Also suppose, just hypothetically, that “the superiority of one analysis or description or prescription over its (intellectual) rivals”—say, the intellectual superiority of one political party or ideology in America over others—can be established by “argument and evidence”? Suppose further that one party not only constantly flaunts its anti-intellectualism but is expressly committed to the following view, attributed by journalist Ron Suskind to an “unnamed [Bush] administration official” (generally presumed to be Karl Rove):

The aide said that guys like me were “in what we call the reality-based community,” which he defined as people who “believe that solutions emerge from your judicious study of discernible reality.” I nodded and murmured something about enlightenment principles and empiricism. He cut me off. “That’s not the way the world really works anymore,” he continued. “We’re an empire now, and when we act, we create our own reality. And while you’re studying that reality — judiciously, as you will — we’ll act again, creating other new realities, which you can study too, and that’s how things will sort out.
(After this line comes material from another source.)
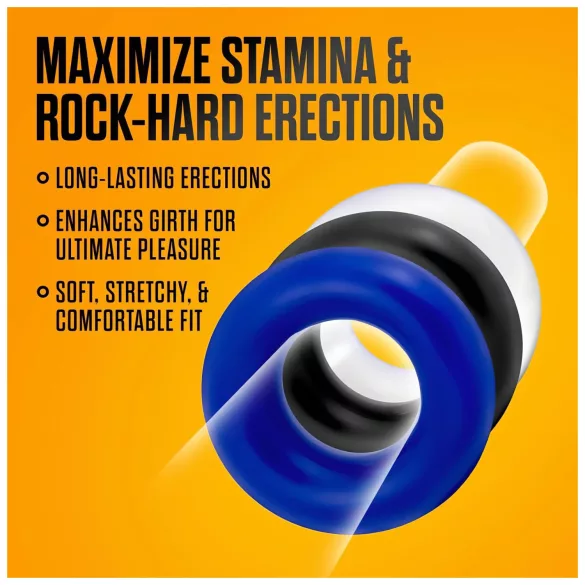 Stay Hard - penisring set - 3 stuks - multicolor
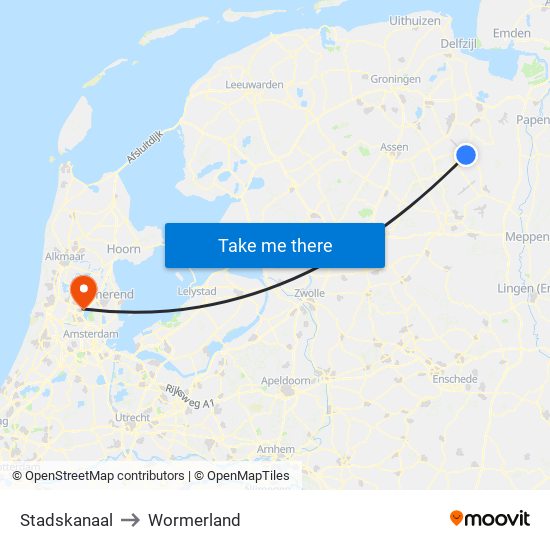 Stadskanaal to Wormerland map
We’re history’s actors [. . .] and you, all of you, will be left to just study what we do.” (Qtd. in Danner)

What would Fish say about whether we should be advocates for the party of “the reality-based community” against the party that would replace it with their own fatal fantasies?

I really have no idea how Fish might respond to my questions, and I would be open to being persuaded by his response. But his failure to consider such questions at any length is surely “a hole in his reasoning here.” An even more gaping hole is left by his failure to say anything about how the very kind of academic deliberation on political and moral issues that he prescribes and practices here, or the kind of questions that I raise in response, could be centrally incorporated into the liberal arts curriculum, individual courses, and pedagogical practice—particularly in English. All his support of studying analytic skills, “coherent and persuasive” argument, and “the canons of argument and evidence” leaves us rhetoric scholars nodding, yes, yes, of course. And yet, the sum of Fish’s attention to the teaching of rhetoric, and particularly argumentative writing, as the academic discipline in which his prescription for academicizing political argument might best be embodied, or to the long history of the academic study of political rhetoric and possible ways of returning it to a central place in the humanities as one means of reversing the universally-lamented decline of political literacy in America, amounts to —zero. I find this failure to champion a revival of the critical study of political rhetoric especially disappointing for someone with Fish’s influence as a theorist, administrator, and public intellectual.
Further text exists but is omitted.